Sally nodded. “I’m afraid I have.”

“You’re leaving Vlad alone on the ship?”

“Yes.”

“But you said you don’t trust him.”

“He won’t leave us if that’s what you’re thinking. I’ll see to that.” She almost grinned.

Jackie worked hard not to let her tears flow. “You know I’ll be broken without you,” she said in an unsteady but resigned voice. “I’ll never paint again.”

“Don’t count me off that quickly,” Sally said, trying to sound confident. “I’m hard to kill.”

“I hope that’s good enough.” Jackie sighed deeply. “Because I’m not.”

Sally stood and took her shoulders. “Promise me something.”

“What?”

“Don’t give up your art, no matter what happens. You owe it to the world.

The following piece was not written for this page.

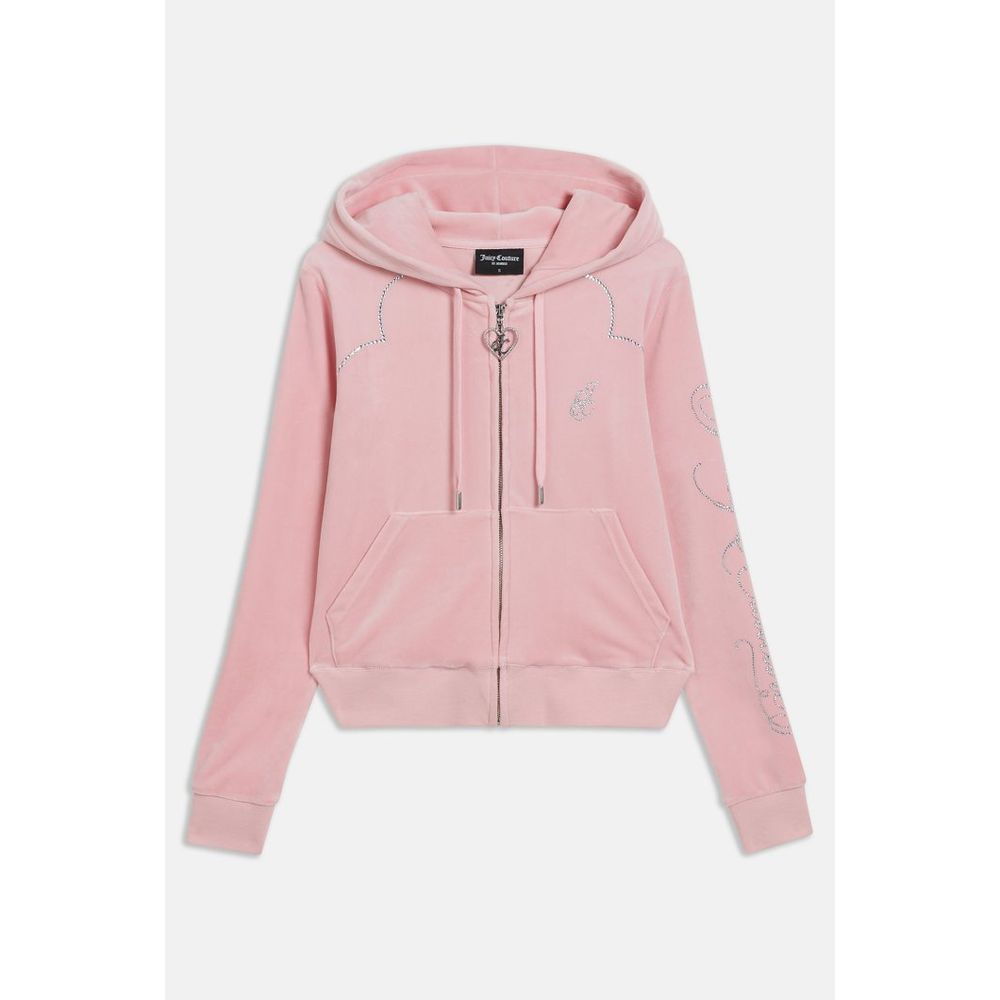 Pink Polyester Sweatshirt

It’s your reason!” She motioned to the easel just visible beyond the door in her studio. “I have to go down there because I may have a life to save. That’s my reason. If I die trying, at least that makes some sense.”

“I’ll try,” she said, her face cast in resignation. “That’s the best I can do.”

“And you’ll be my reason to come back!” She gripped her hands. “I’ll be back to see your next showing. I’ll be back even if I have to electrocute every last creature on that planet!”

Jackie almost laughed this time.

Sally looked at her watch. “I have to go back now. I’m surprised they haven’t cut us off yet.”

“I know. Sal?”

“What?”

“What do you think of my hair?”

She stepped back and looked at her from across the table. With the sun behind her, her hair glowed like an emerald, making a green halo over her face. The highlight enhanced the color of her eyes and the glowing facets of her nose ring. Sally smiled in admiration. “It’s you, dear. It’s you.”

Then, reluctantly, Sally broke the transmission. The sun faded along with the wind and traffic, and her lovely Jackie. The Netherlands was now untold light-years away and her quarters seemed uglier than ever. That is, except for the painting that hung over her desk. It was a watercolor of Tower Bridge in London. Jackie painted it from a park along the Thames. She captured it within twenty minutes, but never seemed to appreciate the beauty she had created. Jackie painted with the ease and confidence most people have in signing their names. To her it was nothing more than a doodle, but to Sally it was magic. The coarse strokes, the simple brilliant colors, and the quick shading didn’t bring out all the details, but the essence was unmistakable. It wasn’t just a place anymore. It was a feeling. It was a time of year. It was alive. And, whenever Sally looked at it, she was there. And she was there with Jackie. She washed her face before turning to face her work.